Let us recall their formal definition:

Let $f:[a,b]\longrightarrow\RR$ and $P=(x_0,x_1,\cdots,x_n)$ be a partition of $[a,b]$, that is, $a=x_0 < x_1 < \cdots < x_n = b$. A Riemann sum of $f$ over $[a,b]$ with partition $P$ is defined as $$ {\rm S}_{[a, b]}^P = \sum_{i = 1}^n f(x_i^*) \Delta x_i, \qquad\text{where}\qquad \Delta x_i = x_i - x_{i-1}, \ x_i^* \in [x_{i-1}, x_i]. $$

The previous analytic statement may nevertheless hide its geometric intuition: We want to approximate the area under a curve, so we pick $n$ distinct points on $[a,b]$, compute the area of the rectangle with the value of the function as height and the difference between the points as width, and then take their sum. A plot will explain it better than 100 paragraphs of my prose.

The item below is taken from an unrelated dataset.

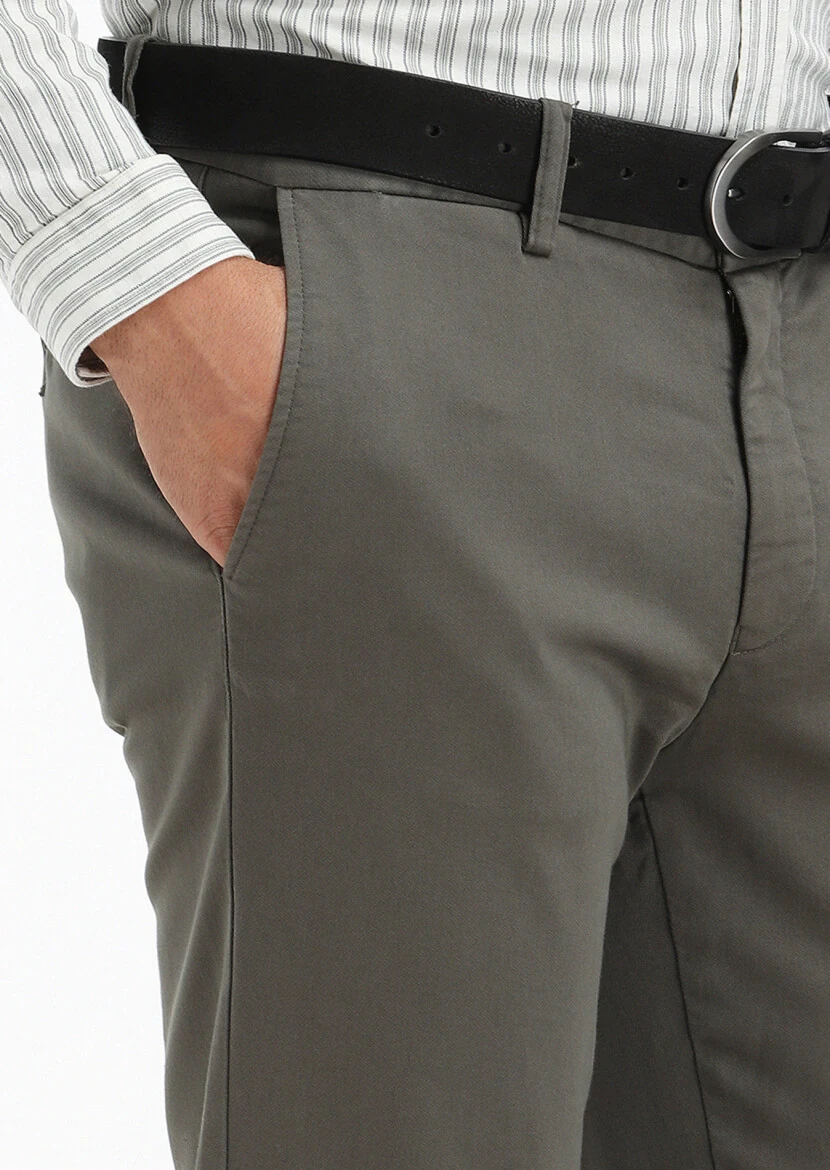 Haki Düz Dokuma Regular Fit Casual Pamuk Karışımlı Pantolon - 3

The so-called left sums, named as such because $x_i^* = x_{i-1}$.

Riemann sum with a non-equally spaced partition, taking $x_i^* = (x_{i-1}+x_i)/2$

Riemann sums are constructed as part of the apparatus needed to define the Riemann integral⁵, so although they are asymptotically optimal, in practice their convergence is very slow, since we are approximating $f$ on an interval by only one of its values; we can do much better.

Every function is (approximately) a polynomial¶

Nowadays, it is very hard to imagine life without a computer, especially when doing quantitative sciences; it would be insufferable to the majority of the readers (also including the author) to numerically estimate an integral by hand, or multiply two very long decimal numbers, or anything along those lines. Nonetheless, if you go through the notes of old geniuses such as Newton, you will find immense patience to perform these kinds of computations, and those endeavors in the long term ended up leading to new insights on how to do the calculations faster; the focus of this section are the Newton-Cotes formulas, one of those brilliant discoveries.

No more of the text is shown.